Di dalam saluran itu, Rahmat menyusun batu-batu kecil berjenjang guna memperlambat aliran air agar tanah mudah terendapkan di dalam karpet. Kedua sisi karpet, disanggah menggunakan beberapa kayu balok agar tanah mudah terperangkap. Setelah itu, tanah yang terperangkap langsung diangkat dan masukkan ke dalam dulang.

Tanah yang masuk ke dulang kemudian digoyang-goyang bersama air untuk mengeluarkan butiran-butiran tanah kasar. Setelah itu akan tampak pasir hitam yang disebut “pasir penghantar emas”. Kemudian akan kelihatan serbuk-serbuk halus berwarna agak kekuning-kuningan. Rahmat bilang, itu yang disebut sebagai emas halus.

“Serbuk-serbuk halus yang berwarna kekuning-kuningan ini yang dikumpulkan sampai banyak agar bisa dijual. Sebelum dijual, kita harus memanaskan emas itu agar kotoran yang menempel di serbuk emas hilang,” katanya kepada Mongabay, Juli lalu.

Rahmat menambang emas dengan cara-cara tradisional. Model pertambangan itu dia lakukan sejak 1990-an dan masih banyak yang tetap melakukan hingga kini. Dia bilang, sesekali dia pakai air raksa atau merkuri untuk mempercepat pengelolaan.

 

Baca juga: Tambang Emas Ilegal Jarah Cagar Alam Panua

Pelang dari Kementerian Lingkungan Hidup dan Kehutanan untuk jaga lingkungan bersama. Foto: Sarjan lahay/Mongbay Indonesia

 

Setiap hari, dia bersama saudaranya bisa mendapatkan emas 1-2 gram. Satu gram, harga Rp600.000-Rp650.000. Dia jual emas sepekan sekali.

“Bertambang emas, sudah dari dulu saya lakukan. Kita hidup sampai hari ini karena tambang ini.
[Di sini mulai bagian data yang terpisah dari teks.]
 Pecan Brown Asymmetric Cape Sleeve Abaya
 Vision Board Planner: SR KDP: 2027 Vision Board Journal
Anak saya sudah ada dua orang yang berhasil menempuh pendidikan dengan hasil bertambang emas ini.”

Menjadi penambang, merupakan pekerjaan andalan Rahmat. Meski mengetahui dampaknya, Rahmat seakan tak ada pilihan lain, selain jadi penambang emas dengan mempertaruhkan nyawa.

Rahmat pernah jadi petani. Dulu, dia tanam buah-buahan dan bumbu-bumbu dapur yang dijual ke pasar. Karena kebutuhan keluarga makin besar, akhirnya tambang menjadi pilihan.
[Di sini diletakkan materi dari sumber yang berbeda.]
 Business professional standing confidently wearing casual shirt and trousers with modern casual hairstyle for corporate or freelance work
Kalau bertani, katanya, perlu waktu berbulan-bulan untuk mendapatkan hasil. Dengan tambang emas, hanya perlu beberapa hari, keluarga bisa makan enak dan membiayai kebutuhan rumah tangga, termasuk pendidikan anak-anaknya.
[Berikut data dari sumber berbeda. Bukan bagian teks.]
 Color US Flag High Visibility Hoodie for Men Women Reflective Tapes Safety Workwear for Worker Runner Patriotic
“Kalau saya tidak nambang, anak dan istri saya mau makan apa? Hanya ini pekerjaan yang saya bisa lakukan. Rata-rata, masyarakat desa Karya Baru juga memiliki nasib yang sama dengan saya,” katanya.

Ratna Dunggio, warga Desa Karya Baru yang berdagang di wilayah itu mendapat berkah dengan ada pertambangan ilegal. Sejak tambang ada, Ratna sudah berjualan sampai sekarang.

Dengan ada tambang, ekonomi keluarga sangat terbantu. Dia bisa mendapatkan ratusan ribu, bahkan jutaan rupiah dalam sehari berjualan.

“Jualan saya ini hanya makanan, minuman, dan rokok-rokok. Ada juga beberapa kebutuhan rumah tangga yang saya jual di sini. Alhamdulillah, jualan saya ini sangat laku tiap hari, banyak yang membeli,” katanya.

 

Baca juga: Kala Tambang Emas Ilegal Rusak Sungai Tihuo Dengilo dan Lahan Tani di Pohuwato

Lubang bekas tambang emas menganga begitu saja. Foto: Sarjan Lahay/ Mongabay Indonesia

 

Ratna bilang, warga Desa Karya Baru, tergantung dengan pertambangan emas ini. Menambang, jadi pekerjaan utama memenuhi kebutuhan keluarga.

Di lokasi pertambangan itu, laki-laki bekerja sebagai penambang, perempuan biasa jadi pedagang, atau di tukang masak.

Mereka khawatir dengan isu penertiban dan penutupan pertambangan karena masih berstatus ilegal. Dia takut kehilangan pekerjaan yang sudah puluhan tahun digeluti.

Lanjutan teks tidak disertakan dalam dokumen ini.